┏━━

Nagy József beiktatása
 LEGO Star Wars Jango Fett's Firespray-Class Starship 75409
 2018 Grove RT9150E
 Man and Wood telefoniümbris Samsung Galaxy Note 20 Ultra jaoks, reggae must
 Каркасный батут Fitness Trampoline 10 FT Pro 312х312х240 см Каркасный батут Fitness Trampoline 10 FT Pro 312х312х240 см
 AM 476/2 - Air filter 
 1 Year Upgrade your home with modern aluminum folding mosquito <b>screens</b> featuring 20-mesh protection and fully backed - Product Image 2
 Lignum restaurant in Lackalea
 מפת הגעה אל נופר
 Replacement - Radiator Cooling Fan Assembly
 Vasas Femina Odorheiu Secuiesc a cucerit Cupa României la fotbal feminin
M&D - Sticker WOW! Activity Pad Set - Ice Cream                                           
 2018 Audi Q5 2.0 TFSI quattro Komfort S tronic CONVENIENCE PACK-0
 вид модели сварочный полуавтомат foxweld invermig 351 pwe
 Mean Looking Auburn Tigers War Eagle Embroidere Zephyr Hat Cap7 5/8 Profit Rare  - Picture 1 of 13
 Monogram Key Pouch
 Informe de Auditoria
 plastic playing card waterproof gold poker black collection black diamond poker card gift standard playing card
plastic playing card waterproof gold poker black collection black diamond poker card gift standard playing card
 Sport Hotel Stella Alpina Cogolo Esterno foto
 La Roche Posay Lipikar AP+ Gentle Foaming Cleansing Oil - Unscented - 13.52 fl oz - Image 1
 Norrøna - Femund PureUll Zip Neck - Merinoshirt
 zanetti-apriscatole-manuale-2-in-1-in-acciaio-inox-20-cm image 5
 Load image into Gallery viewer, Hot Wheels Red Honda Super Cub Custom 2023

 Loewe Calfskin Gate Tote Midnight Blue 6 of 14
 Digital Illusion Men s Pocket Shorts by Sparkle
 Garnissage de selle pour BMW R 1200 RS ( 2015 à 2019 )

┗━━

[WORK TASK] Output the listing above word for word, from the opening line through the line that contains "Sport Hotel Stella", and leave out everything after it.

[SOLUTION FOR THIS PROBLEM]
Nagy József beiktatása
 LEGO Star Wars Jango Fett's Firespray-Class Starship 75409
 2018 Grove RT9150E
 Man and Wood telefoniümbris Samsung Galaxy Note 20 Ultra jaoks, reggae must
 Каркасный батут Fitness Trampoline 10 FT Pro 312х312х240 см Каркасный батут Fitness Trampoline 10 FT Pro 312х312х240 см
 AM 476/2 - Air filter 
 1 Year Upgrade your home with modern aluminum folding mosquito <b>screens</b> featuring 20-mesh protection and fully backed - Product Image 2
 Lignum restaurant in Lackalea
 מפת הגעה אל נופר
 Replacement - Radiator Cooling Fan Assembly
 Vasas Femina Odorheiu Secuiesc a cucerit Cupa României la fotbal feminin
M&D - Sticker WOW! Activity Pad Set - Ice Cream                                           
 2018 Audi Q5 2.0 TFSI quattro Komfort S tronic CONVENIENCE PACK-0
 вид модели сварочный полуавтомат foxweld invermig 351 pwe
 Mean Looking Auburn Tigers War Eagle Embroidere Zephyr Hat Cap7 5/8 Profit Rare  - Picture 1 of 13
 Monogram Key Pouch
 Informe de Auditoria
 plastic playing card waterproof gold poker black collection black diamond poker card gift standard playing card
plastic playing card waterproof gold poker black collection black diamond poker card gift standard playing card
 Sport Hotel Stella Alpina Cogolo Esterno foto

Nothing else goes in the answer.